Long’s all-caps exclamation on Twitter was inspired by a fast-moving proposal
in Congress that would potentially doom big chunks of the domestic US
cryptocurrency industry by imposing impossible financial surveillance
requirements.

At this writing, Congress is doing what passes for
deliberation these days. Key senators are
saying
they will fix
the error
by floor amendment. True deliberation would probably unearth the
inconsistency of such surveillance with our national values and its incapacity
to serve national goals.

US Capital Building
via Twenty20

Congress is indeed broken. When I served on the Hill, the
brinksmanship and mass-scale logrolling of government shutdowns and omnibus
bills still felt surprising and unusual. But the trend was well underway: More
and more legislating is done through a small number of huge bills sprung on
Congress’ rank and file and the public mere days before passage. So it is with
the infrastructure bill. Heading for the Senate floor this week, the 2,700-page
text of the bill was revealed Sunday.

Such bills include anything insiders want, so the
“infrastructure bill” has cryptocurrency regulations making pretty much anyone
facilitating the processing of cryptocurrency transactions a “broker.” The tax
code requires brokers to file “information returns” with the IRS — those
ubiquitous 1099 forms which document financial transactions of interest to our
national tax collector. The language originally in the bill said that “any
person who (for consideration) is responsible for and regularly provides any
service effectuating transfers of digital assets” would have these obligations.

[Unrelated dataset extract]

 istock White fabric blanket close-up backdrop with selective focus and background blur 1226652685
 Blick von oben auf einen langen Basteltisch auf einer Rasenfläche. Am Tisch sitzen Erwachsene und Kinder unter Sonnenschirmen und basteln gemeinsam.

Jake Chervinsky, General Counsel at Compound Labs, tweeted
out a good write-up of the demerits, but an important one is
this: Cryptocurrency networks have many actors that routinely effectuate
transfers for “consideration” — legalese for something of value handed over by
contract
. “Miners” receive payments for including transactions in the
blocks that they cryptographically secure and append to the blockchain. They
generally have no idea with whom they’re transacting
.

To file 1099s, miners would have to create a personal data
collection infrastructure that is completely alien to them, cryptocurrency
wallets would have to be redesigned to broadcast personal information, and
people would have to publish their identity details with every single
transaction. It will never happen. The 1099 requirement would end (legal)
mining in the United States.

Proposals like this steer the US toward following China’s
lead in banning cryptocurrency mining. It echoes New York’s
ill-fated “BitLicense
,” which made a world financial center into a crypto
backwater. The US should be taking Wyoming’s lead, not China’s.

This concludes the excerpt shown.